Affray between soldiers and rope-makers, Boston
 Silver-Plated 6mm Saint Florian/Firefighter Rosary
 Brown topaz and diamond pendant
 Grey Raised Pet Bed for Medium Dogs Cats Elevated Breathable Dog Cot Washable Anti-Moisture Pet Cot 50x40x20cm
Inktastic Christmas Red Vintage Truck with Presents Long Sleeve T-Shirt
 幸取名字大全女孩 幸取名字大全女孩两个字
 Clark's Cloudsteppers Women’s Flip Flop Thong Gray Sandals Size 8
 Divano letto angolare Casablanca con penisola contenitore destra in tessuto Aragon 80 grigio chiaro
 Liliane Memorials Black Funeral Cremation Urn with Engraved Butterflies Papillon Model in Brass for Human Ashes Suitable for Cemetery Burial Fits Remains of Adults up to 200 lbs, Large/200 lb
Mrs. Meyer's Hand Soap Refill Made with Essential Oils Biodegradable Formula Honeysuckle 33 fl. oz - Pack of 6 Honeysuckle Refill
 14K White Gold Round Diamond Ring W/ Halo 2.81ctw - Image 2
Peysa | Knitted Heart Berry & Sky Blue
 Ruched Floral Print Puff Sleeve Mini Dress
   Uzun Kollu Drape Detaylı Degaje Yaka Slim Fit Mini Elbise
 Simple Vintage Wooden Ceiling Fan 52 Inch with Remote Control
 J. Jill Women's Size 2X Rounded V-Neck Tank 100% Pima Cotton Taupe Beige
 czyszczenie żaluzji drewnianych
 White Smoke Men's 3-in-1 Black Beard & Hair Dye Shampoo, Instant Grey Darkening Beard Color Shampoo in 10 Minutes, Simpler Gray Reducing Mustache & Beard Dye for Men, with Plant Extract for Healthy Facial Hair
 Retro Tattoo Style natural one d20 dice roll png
···
# Activity
For the records above, restate every line word for word.

# Completed exercise
Affray between soldiers and rope-makers, Boston
 Silver-Plated 6mm Saint Florian/Firefighter Rosary
 Brown topaz and diamond pendant
 Grey Raised Pet Bed for Medium Dogs Cats Elevated Breathable Dog Cot Washable Anti-Moisture Pet Cot 50x40x20cm
Inktastic Christmas Red Vintage Truck with Presents Long Sleeve T-Shirt
 幸取名字大全女孩 幸取名字大全女孩两个字
 Clark's Cloudsteppers Women’s Flip Flop Thong Gray Sandals Size 8
 Divano letto angolare Casablanca con penisola contenitore destra in tessuto Aragon 80 grigio chiaro
 Liliane Memorials Black Funeral Cremation Urn with Engraved Butterflies Papillon Model in Brass for Human Ashes Suitable for Cemetery Burial Fits Remains of Adults up to 200 lbs, Large/200 lb
Mrs. Meyer's Hand Soap Refill Made with Essential Oils Biodegradable Formula Honeysuckle 33 fl. oz - Pack of 6 Honeysuckle Refill
 14K White Gold Round Diamond Ring W/ Halo 2.81ctw - Image 2
Peysa | Knitted Heart Berry & Sky Blue
 Ruched Floral Print Puff Sleeve Mini Dress
   Uzun Kollu Drape Detaylı Degaje Yaka Slim Fit Mini Elbise
 Simple Vintage Wooden Ceiling Fan 52 Inch with Remote Control
 J. Jill Women's Size 2X Rounded V-Neck Tank 100% Pima Cotton Taupe Beige
 czyszczenie żaluzji drewnianych
 White Smoke Men's 3-in-1 Black Beard & Hair Dye Shampoo, Instant Grey Darkening Beard Color Shampoo in 10 Minutes, Simpler Gray Reducing Mustache & Beard Dye for Men, with Plant Extract for Healthy Facial Hair
 Retro Tattoo Style natural one d20 dice roll png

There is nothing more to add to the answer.